# DIRECTIONS
Collect all lines below with the string "Bergamo".
┌──
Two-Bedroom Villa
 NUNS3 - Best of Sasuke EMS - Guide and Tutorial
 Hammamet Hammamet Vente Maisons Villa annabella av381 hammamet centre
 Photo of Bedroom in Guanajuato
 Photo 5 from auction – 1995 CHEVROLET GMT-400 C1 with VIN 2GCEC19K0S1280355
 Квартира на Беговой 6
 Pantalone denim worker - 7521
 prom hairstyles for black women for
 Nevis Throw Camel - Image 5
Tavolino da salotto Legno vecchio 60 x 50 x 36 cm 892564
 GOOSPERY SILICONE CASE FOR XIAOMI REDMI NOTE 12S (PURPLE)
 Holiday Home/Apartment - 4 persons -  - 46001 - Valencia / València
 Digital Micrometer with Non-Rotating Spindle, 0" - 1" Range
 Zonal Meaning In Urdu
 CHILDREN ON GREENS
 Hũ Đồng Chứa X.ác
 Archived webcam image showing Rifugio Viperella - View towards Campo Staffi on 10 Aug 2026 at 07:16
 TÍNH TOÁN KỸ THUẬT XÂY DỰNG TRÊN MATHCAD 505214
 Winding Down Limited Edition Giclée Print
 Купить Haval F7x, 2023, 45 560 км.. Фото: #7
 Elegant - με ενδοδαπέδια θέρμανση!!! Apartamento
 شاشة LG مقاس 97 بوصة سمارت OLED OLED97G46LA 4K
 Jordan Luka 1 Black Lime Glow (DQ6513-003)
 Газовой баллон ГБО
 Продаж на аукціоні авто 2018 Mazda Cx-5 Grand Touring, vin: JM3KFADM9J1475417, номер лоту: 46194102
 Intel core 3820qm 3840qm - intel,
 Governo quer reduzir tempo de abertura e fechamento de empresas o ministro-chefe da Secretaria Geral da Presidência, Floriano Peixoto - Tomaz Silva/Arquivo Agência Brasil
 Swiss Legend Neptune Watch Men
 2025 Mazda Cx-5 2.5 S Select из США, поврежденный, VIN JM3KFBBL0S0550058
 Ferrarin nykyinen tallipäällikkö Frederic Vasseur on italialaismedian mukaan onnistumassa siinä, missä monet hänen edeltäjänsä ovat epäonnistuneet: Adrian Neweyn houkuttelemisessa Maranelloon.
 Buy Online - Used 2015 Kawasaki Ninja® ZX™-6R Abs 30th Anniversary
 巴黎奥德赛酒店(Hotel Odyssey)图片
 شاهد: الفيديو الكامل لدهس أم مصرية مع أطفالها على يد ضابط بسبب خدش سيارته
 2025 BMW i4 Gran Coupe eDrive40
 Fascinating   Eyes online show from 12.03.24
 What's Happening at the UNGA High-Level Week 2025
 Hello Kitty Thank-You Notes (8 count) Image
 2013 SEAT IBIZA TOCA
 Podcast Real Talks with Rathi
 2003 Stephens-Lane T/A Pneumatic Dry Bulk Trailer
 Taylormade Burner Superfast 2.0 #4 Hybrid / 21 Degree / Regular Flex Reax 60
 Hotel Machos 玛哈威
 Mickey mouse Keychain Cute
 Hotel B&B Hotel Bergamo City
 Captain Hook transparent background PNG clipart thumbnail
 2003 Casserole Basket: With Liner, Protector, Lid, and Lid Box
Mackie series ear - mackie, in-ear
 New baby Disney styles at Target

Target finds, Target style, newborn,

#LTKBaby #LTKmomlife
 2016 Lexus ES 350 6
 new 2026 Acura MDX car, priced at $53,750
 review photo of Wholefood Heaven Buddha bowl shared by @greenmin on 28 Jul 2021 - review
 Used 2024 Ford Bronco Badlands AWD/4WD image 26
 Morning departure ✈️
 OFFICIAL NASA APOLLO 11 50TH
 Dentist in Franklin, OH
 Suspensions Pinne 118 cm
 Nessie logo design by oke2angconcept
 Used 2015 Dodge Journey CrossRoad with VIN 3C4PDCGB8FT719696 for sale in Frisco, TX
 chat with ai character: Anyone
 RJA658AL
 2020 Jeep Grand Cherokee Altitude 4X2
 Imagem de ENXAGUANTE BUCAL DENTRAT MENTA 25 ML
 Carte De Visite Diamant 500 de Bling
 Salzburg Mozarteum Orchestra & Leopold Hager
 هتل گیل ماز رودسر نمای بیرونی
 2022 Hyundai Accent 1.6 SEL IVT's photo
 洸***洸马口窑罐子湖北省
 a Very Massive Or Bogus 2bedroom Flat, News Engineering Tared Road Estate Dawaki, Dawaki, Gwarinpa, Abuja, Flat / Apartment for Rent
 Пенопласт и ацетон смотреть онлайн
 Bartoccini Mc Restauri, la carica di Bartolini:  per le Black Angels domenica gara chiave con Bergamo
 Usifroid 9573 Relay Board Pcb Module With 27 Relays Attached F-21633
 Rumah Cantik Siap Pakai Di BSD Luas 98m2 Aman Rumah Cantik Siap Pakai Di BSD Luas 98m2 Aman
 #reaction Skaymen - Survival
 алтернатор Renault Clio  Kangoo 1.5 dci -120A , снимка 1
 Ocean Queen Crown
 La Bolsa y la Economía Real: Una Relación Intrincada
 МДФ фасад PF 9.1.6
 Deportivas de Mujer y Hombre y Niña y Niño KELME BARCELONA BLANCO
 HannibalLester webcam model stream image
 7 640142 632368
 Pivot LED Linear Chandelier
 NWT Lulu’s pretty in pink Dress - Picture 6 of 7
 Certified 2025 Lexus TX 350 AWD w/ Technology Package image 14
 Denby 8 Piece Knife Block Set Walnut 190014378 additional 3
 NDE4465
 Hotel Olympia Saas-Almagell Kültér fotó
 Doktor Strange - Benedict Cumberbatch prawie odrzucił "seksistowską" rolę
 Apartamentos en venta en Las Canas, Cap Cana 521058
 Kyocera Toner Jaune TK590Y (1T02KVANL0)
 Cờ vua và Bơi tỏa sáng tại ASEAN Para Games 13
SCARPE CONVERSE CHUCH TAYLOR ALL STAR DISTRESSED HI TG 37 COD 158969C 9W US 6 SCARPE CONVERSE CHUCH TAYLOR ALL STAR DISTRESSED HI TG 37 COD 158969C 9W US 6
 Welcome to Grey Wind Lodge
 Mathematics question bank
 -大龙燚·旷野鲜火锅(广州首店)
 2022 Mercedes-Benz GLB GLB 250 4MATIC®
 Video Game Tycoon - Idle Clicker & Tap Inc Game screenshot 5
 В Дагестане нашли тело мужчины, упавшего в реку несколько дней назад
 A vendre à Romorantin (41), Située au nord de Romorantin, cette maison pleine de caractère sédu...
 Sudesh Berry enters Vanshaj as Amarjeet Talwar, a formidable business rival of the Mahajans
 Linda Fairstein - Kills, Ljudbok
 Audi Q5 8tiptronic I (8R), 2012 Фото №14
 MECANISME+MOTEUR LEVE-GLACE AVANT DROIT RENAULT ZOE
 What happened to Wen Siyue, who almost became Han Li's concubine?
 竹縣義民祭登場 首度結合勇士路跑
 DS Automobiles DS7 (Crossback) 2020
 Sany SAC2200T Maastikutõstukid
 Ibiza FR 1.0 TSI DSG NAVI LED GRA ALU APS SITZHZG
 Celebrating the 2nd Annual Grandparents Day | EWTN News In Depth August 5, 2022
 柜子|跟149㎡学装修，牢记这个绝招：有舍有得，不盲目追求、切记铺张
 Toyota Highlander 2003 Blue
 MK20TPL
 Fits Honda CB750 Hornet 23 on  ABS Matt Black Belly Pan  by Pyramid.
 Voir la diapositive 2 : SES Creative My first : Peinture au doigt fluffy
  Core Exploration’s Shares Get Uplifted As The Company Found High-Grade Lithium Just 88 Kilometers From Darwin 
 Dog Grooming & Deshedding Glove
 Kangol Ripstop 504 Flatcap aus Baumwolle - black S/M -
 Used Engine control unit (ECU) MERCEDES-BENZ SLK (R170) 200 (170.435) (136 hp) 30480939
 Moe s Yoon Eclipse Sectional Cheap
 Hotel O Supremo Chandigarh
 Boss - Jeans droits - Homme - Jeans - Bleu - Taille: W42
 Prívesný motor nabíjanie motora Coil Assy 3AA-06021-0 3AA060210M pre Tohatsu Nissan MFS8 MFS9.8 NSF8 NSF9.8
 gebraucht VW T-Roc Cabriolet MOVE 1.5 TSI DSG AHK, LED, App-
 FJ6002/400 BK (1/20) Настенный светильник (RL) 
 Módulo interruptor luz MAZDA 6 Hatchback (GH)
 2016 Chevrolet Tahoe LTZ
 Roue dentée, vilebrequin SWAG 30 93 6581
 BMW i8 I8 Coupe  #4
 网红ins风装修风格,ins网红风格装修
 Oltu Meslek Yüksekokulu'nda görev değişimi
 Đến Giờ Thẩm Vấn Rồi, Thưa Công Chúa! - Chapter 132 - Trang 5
└──
# TASK OUTPUT
 Hotel B&B Hotel Bergamo City
 Bartoccini Mc Restauri, la carica di Bartolini:  per le Black Angels domenica gara chiave con Bergamo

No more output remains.